Blitz conservadora de Milei surpreende diplomacia de Lula

Se o boicote de Milei, por um lado, adiou um potencial mal-estar com Lula, por outro, não minimizou os impactos de sua agenda liberal e conservadora

Milei não compareceu à reunião após novo entrevero com LulaMilei não compareceu à reunião após novo entrevero com Lula - Foto: Reprodução/Internet

Os embates políticos que marcaram a cúpula do Mercosul prenunciam tempos difíceis para o governo Luiz Inácio Lula da Silva e os esforços de impulsionar o bloco. A reunião de presidentes explicitou a blitz conservadora de Javier Milei na diplomacia argentina.

O governo brasileiro saiu de Assunção, no Paraguai, surpreendido com a posição argentina e preocupado com o futuro do principal bloco de que faz parte, em aspectos políticos e econômicos.

Milei não compareceu à reunião após novo entrevero com Lula. Ele negou uma relação causa e efeito. Inegável, porém, é que essa decisão esvaziou a cúpula.

Se o boicote de Milei, por um lado, adiou um potencial mal-estar com Lula, por outro, não minimizou os impactos de sua agenda liberal e conservadora. Milei não saiu na foto, mas fez sombra ao Mercosul. Pautou e travou discussões. A troca de governo na Casa Rosada, afinal, ainda era novidade no Mercosul.

A ausência de Milei foi mal recebida por rivais e colegas do argentino, por ser um sinal de falta de prioridade. Havia desconfiança com as bravatas do libertário, que ameaçou retirar o país do bloco.

Lula disse que "quem perdeu foi quem não veio" e classificou a ausência como "bobagem imensa" do argentino. O presidente do Paraguai, Santiago Peña, fracassou na tentativa de aproximar os líderes das principais economias do bloco. Ao Estadão, disse que não vai desistir.

O presidente uruguaio, Luis Lacalle Pou, vai capitanear o Mercosul no segundo semestre. Coube a ele dar o recado mais direto contra a posição dúbia de Milei. Ele afirmou que não importa somente o teor da mensagem, mas também quem é o mensageiro.

Representante
Em vez de estrear, Milei enviou como porta-voz a chanceler argentina, Diana Mondino. Ela anda desprestigiada no próprio governo e atualmente representa o país onde o presidente não quer ir. Mondino assegurou a permanência no bloco, sem inspirar muita confiança. Propôs uma "atualização" do Mercosul, uma agenda reformista para, segundo ela, dinamizar o bloco.

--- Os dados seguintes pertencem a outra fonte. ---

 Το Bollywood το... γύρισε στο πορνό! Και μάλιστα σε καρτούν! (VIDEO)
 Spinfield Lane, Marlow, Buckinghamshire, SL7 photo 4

Ela escolheu o termo italiano aggiornamento para se referir à reforma do bloco apresentada por ela que inclui, entre outros, a "flexibilidade" para que cada país membro do Mercosul possa negociar a seu tempo, e no formato país a país, os acordos comerciais.

Essa proposta altera uma regra fundamental do bloco, a negociação em conjunto pelos membros dos acordos de livre comércio - e não de forma bilateral. De olho em se beneficiar na relação com a China, o Uruguai já perseguia essa mudança e se disse satisfeito. Brasil e Paraguai não, o que impediu que a sugestão de liberar negociações comerciais bilaterais constasse no comunicado conjunto, como pretendia Mondino.

Comunicados
Se em público a Argentina defendeu a "atualização" do bloco, nos bastidores a tropa enviada por Milei foi apontada como o ator que sabotou os comunicados do Mercosul e apresentou uma agenda "retrógrada", ao menos aos olhos de Brasília. Barravam assuntos por viés ideológico, ao mesmo tempo que pleiteavam inserir temas de interesse exclusivo da Argentina, relatou um embaixador diretamente envolvido.

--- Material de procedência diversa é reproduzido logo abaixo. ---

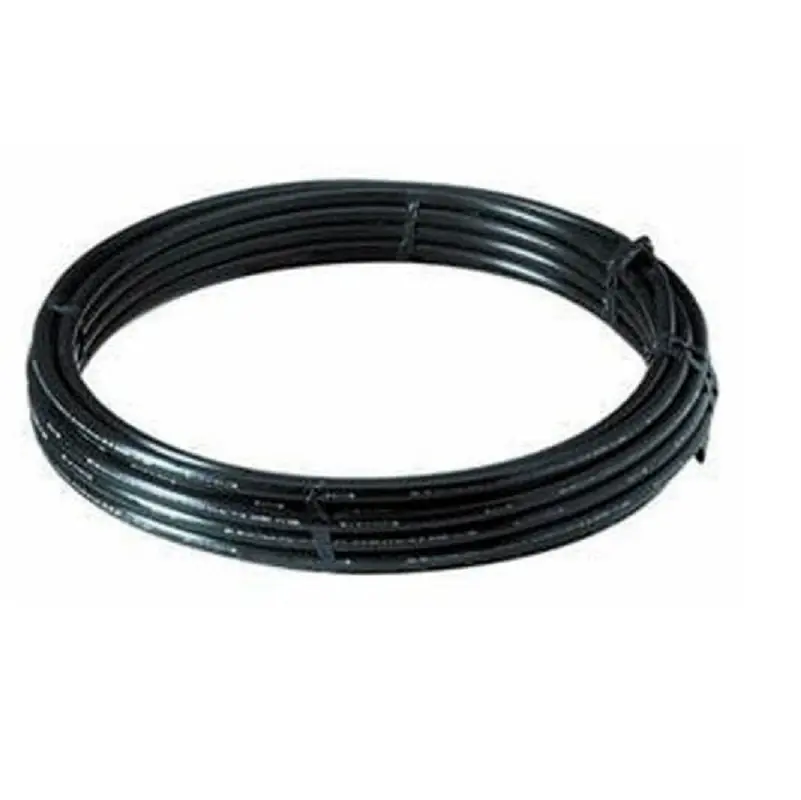 OIL CREEK PLASTICS INC ABT-2-2030 TUBING 2X300 CTS PE-4710 ABT-250 SDR-9 F/WTR SRV LINE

O Mercosul negociou a publicação de três documentos. Em reuniões multilaterais como essas, os comunicados são a palavra final do bloco.

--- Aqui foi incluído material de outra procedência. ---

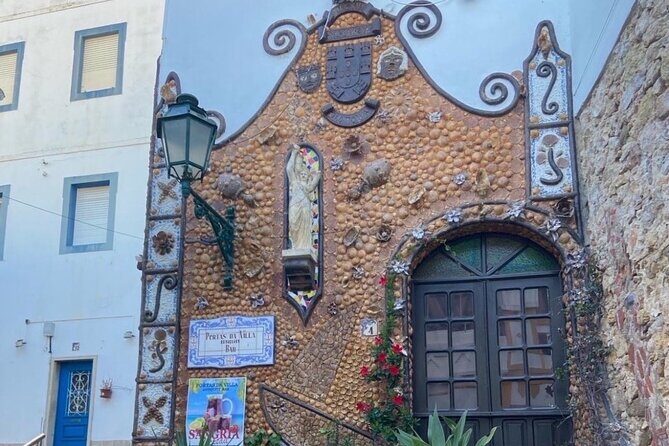 Albufeira History Walking Tour with Wine and Tapas - Practical Details & Tips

O principal deles é o Comunicado dos Estados Parte e da Bolívia - que formalizou sua adesão. O texto saiu, mas ficou bastante desidratado e genérico, por causa de imposições de viés ideológico e diferenças políticas e comerciais.

Um segundo, chamado de Comunicado dos Estados Parte e Associados, pela primeira vez naufragou por divergências puramente políticas.

A principal delas era a sugestão boliviana, apoiada pelo Brasil, de incluir uma menção textual à "tentativa de golpe de Estado" na Bolívia. Os argentinos se insurgiram.

O mesmo impasse se repetiu na negociação do documento principal, que seria assinado pelos presidentes. O Itamaraty entrou em cena e disse que Lula não iria transigir. Deveria sair ao menos uma referência ao assunto, porque o Brasil também havia sido alvo de atentados golpistas no 8 de janeiro de 2023.

Ao fim, a menção à quartelada na Bolívia foi atenuada e deixou de contar com uma mensagem de solidariedade a Arce.

O comportamento dos argentinos foi descrito por embaixadores como o de um governo na sala do VAR (sistema de assistência de vídeo no futebol) e não em campo. Em vez de buscar construir consensos, o que pressupões flexibilidade para ceder, converteu-se em "árbitro" moral do que deveria ou não constar nos comunicados e na agenda do Mercosul.